Frankly, despite its mandate for full employment, the Federal Reserve (Fed) would welcome some slack in the job market to help in the battle against raging inflation. The markets are still pricing in 199 basis points (1.99%) of rate hikes from the Fed over the next eighteen months. Half of those increases will likely come over the next two months, with a 50 basis point (0.50%) increase in short-term interest rates in June and July. After July, the path will depend more on inflation levels and the economy’s health. May consumer inflation (CPI) readings are released this week. While the headline year-over-year rate could decline versus last month, the increase is almost sure to be above 8%. These inflation levels leave the Fed with a Hobson’s choice regarding rate hikes at the next two meetings at a minimum.
As further evidence beyond the labor market that the economy remains a distance away from recession, the May Institute for Supply Management (ISM) Purchasing Managers’ Index (PMI) has historically been a reliable real-time indicator of recession. The May manufacturing component was reported last week at 56.1, and the U.S. has never begun a recession at that level. An ISM PMI reading below 50 is typically a good rule of thumb that the recession warning lights are flashing red.
Despite the inflationary challenges to the consumer, households have accumulated significant savings that can be used to supplement income to support consumption.
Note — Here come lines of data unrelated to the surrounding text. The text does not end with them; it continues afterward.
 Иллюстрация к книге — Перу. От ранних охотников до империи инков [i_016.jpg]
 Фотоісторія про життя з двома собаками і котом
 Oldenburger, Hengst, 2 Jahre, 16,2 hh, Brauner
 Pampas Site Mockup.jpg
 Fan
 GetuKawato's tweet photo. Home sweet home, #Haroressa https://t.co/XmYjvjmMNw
Lower-income families, in particular, feel the pinch from the increase in food and fuel prices, though, and are forced to forego spending on other items due to the price increases. As continued proof of the growing pressure, gasoline prices hit a new high again last week.
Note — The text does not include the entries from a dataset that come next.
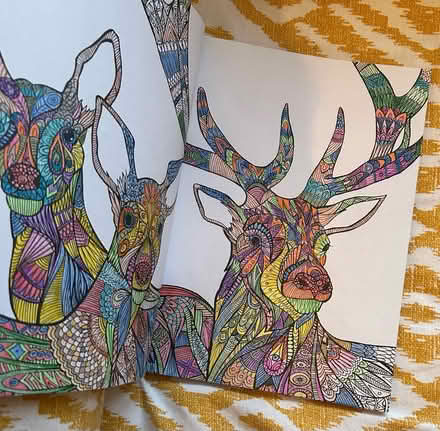 Photo of free Art therapy books (Halewood L26) #2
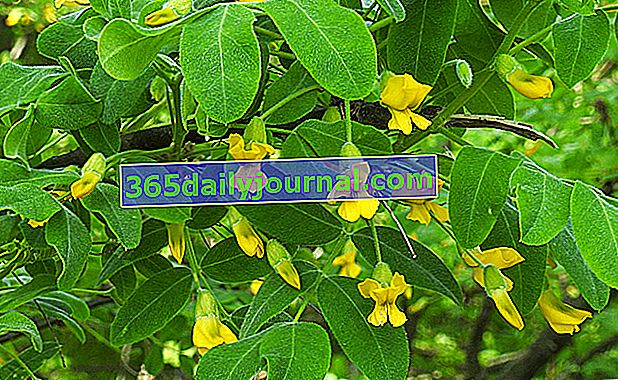 Acacia amarilla (Caragana arborescens), pea tree o melocotonero siberiano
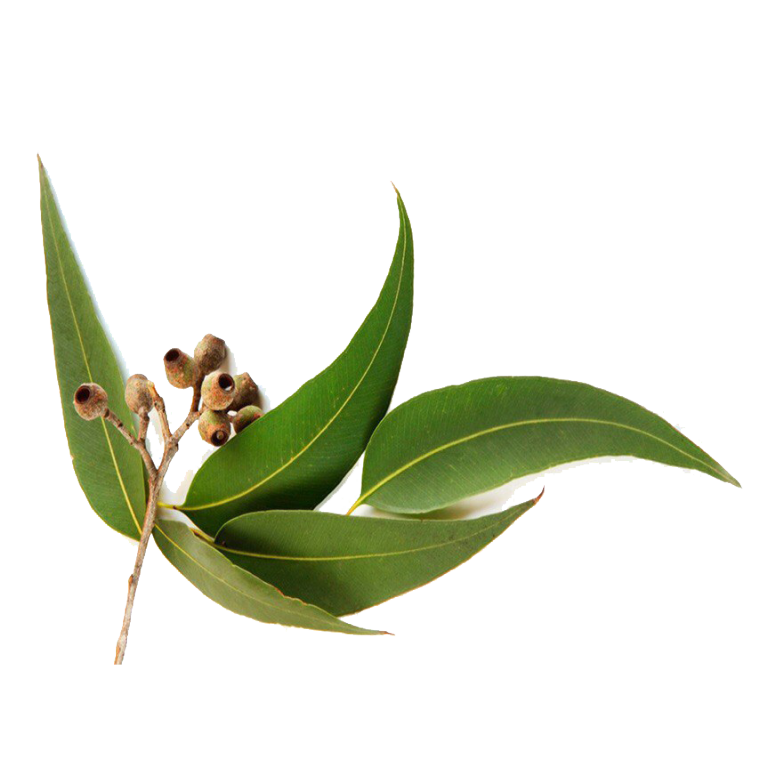 Eucalyptus Narrow Peppermint (Radiata) Organic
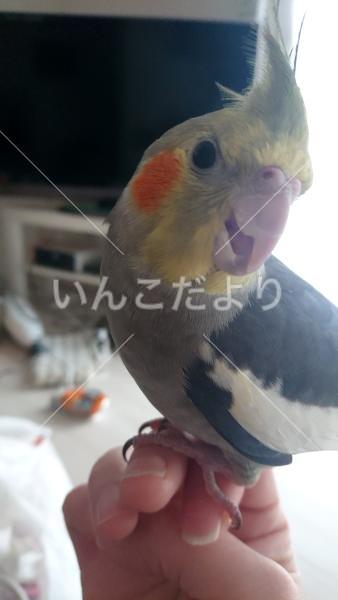 迷い鳥の写真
After being down 19% from the peak, the S&P 500 has rebounded to almost 14% below the peak. In the last twelve recessions, stocks have declined by 24%. The markets have priced in an economic slowdown but not yet a recession. Given the current data, this is reasonable since a recession is not likely until late-2022 or 2023.
History would indicate low odds of the Federal Reserve avoiding recession once they begin to raise rates. The need to battle high inflation would suggest a higher probability than usual that an economic downturn will result from this tightening cycle. Markets may have moved a little too early to price in an impending recession but still reflect an economic slowdown. Investors focus on quality companies that can survive the probable economic downturn on the horizon and thrive in its wake.